Requirement:
Look through the data below for the line with "2018 Toyota Avalon Hybrid Limited", and transcribe it exactly together with each line after it up to and including the line with "Fitted Ribbed Style Crochet Beanie". Give nothing else.

Data provided:
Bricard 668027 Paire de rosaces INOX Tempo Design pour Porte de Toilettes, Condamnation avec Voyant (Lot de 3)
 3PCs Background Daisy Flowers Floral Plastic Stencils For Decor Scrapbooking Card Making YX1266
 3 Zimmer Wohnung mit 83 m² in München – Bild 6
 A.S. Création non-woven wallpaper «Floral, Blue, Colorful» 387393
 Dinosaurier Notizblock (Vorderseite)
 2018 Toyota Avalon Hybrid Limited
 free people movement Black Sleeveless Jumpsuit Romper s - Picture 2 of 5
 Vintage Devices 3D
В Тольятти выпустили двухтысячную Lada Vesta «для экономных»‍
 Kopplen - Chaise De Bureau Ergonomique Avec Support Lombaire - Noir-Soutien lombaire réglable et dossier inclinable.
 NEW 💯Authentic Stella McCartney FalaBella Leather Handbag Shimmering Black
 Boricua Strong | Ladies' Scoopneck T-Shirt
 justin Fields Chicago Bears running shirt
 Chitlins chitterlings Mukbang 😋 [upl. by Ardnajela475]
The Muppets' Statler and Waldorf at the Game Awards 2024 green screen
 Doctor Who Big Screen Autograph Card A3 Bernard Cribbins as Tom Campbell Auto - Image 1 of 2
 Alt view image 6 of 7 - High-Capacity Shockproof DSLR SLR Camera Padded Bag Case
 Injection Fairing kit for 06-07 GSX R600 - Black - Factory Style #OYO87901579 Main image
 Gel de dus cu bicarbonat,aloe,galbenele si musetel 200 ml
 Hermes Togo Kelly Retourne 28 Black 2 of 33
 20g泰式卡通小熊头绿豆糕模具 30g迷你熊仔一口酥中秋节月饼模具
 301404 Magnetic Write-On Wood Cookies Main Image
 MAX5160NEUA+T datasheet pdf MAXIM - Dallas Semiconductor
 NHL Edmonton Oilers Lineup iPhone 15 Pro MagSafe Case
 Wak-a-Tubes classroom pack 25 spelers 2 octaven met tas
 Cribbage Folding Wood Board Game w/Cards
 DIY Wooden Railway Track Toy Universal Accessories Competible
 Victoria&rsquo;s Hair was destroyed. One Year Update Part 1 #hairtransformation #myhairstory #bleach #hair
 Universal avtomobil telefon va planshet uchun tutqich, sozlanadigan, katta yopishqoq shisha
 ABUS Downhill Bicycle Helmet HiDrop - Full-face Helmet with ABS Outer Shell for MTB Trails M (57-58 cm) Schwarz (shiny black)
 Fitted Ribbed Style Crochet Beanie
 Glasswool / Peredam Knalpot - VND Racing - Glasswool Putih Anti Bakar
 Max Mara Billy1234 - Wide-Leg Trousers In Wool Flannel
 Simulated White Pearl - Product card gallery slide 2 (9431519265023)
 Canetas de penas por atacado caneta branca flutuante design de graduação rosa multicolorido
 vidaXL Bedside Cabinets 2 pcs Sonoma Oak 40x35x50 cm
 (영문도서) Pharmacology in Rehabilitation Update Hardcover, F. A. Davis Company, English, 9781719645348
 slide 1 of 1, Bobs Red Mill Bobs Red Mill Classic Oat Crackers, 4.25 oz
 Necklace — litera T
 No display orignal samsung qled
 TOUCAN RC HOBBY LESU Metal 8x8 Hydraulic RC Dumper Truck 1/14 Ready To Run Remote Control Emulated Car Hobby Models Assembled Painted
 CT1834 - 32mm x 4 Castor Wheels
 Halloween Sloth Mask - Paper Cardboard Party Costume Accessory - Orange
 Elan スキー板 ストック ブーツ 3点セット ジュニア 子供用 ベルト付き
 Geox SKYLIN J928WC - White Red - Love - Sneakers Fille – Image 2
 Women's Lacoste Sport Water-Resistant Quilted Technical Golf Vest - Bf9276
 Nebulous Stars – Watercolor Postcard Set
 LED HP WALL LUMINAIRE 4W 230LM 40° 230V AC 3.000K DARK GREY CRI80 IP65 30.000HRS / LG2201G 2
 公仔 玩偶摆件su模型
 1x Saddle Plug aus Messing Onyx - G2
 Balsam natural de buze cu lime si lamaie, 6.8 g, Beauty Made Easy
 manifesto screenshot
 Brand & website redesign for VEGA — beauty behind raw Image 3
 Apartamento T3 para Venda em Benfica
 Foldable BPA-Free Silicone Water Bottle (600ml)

Written solution:
 2018 Toyota Avalon Hybrid Limited
 free people movement Black Sleeveless Jumpsuit Romper s - Picture 2 of 5
 Vintage Devices 3D
В Тольятти выпустили двухтысячную Lada Vesta «для экономных»‍
 Kopplen - Chaise De Bureau Ergonomique Avec Support Lombaire - Noir-Soutien lombaire réglable et dossier inclinable.
 NEW 💯Authentic Stella McCartney FalaBella Leather Handbag Shimmering Black
 Boricua Strong | Ladies' Scoopneck T-Shirt
 justin Fields Chicago Bears running shirt
 Chitlins chitterlings Mukbang 😋 [upl. by Ardnajela475]
The Muppets' Statler and Waldorf at the Game Awards 2024 green screen
 Doctor Who Big Screen Autograph Card A3 Bernard Cribbins as Tom Campbell Auto - Image 1 of 2
 Alt view image 6 of 7 - High-Capacity Shockproof DSLR SLR Camera Padded Bag Case
 Injection Fairing kit for 06-07 GSX R600 - Black - Factory Style #OYO87901579 Main image
 Gel de dus cu bicarbonat,aloe,galbenele si musetel 200 ml
 Hermes Togo Kelly Retourne 28 Black 2 of 33
 20g泰式卡通小熊头绿豆糕模具 30g迷你熊仔一口酥中秋节月饼模具
 301404 Magnetic Write-On Wood Cookies Main Image
 MAX5160NEUA+T datasheet pdf MAXIM - Dallas Semiconductor
 NHL Edmonton Oilers Lineup iPhone 15 Pro MagSafe Case
 Wak-a-Tubes classroom pack 25 spelers 2 octaven met tas
 Cribbage Folding Wood Board Game w/Cards
 DIY Wooden Railway Track Toy Universal Accessories Competible
 Victoria&rsquo;s Hair was destroyed. One Year Update Part 1 #hairtransformation #myhairstory #bleach #hair
 Universal avtomobil telefon va planshet uchun tutqich, sozlanadigan, katta yopishqoq shisha
 ABUS Downhill Bicycle Helmet HiDrop - Full-face Helmet with ABS Outer Shell for MTB Trails M (57-58 cm) Schwarz (shiny black)
 Fitted Ribbed Style Crochet Beanie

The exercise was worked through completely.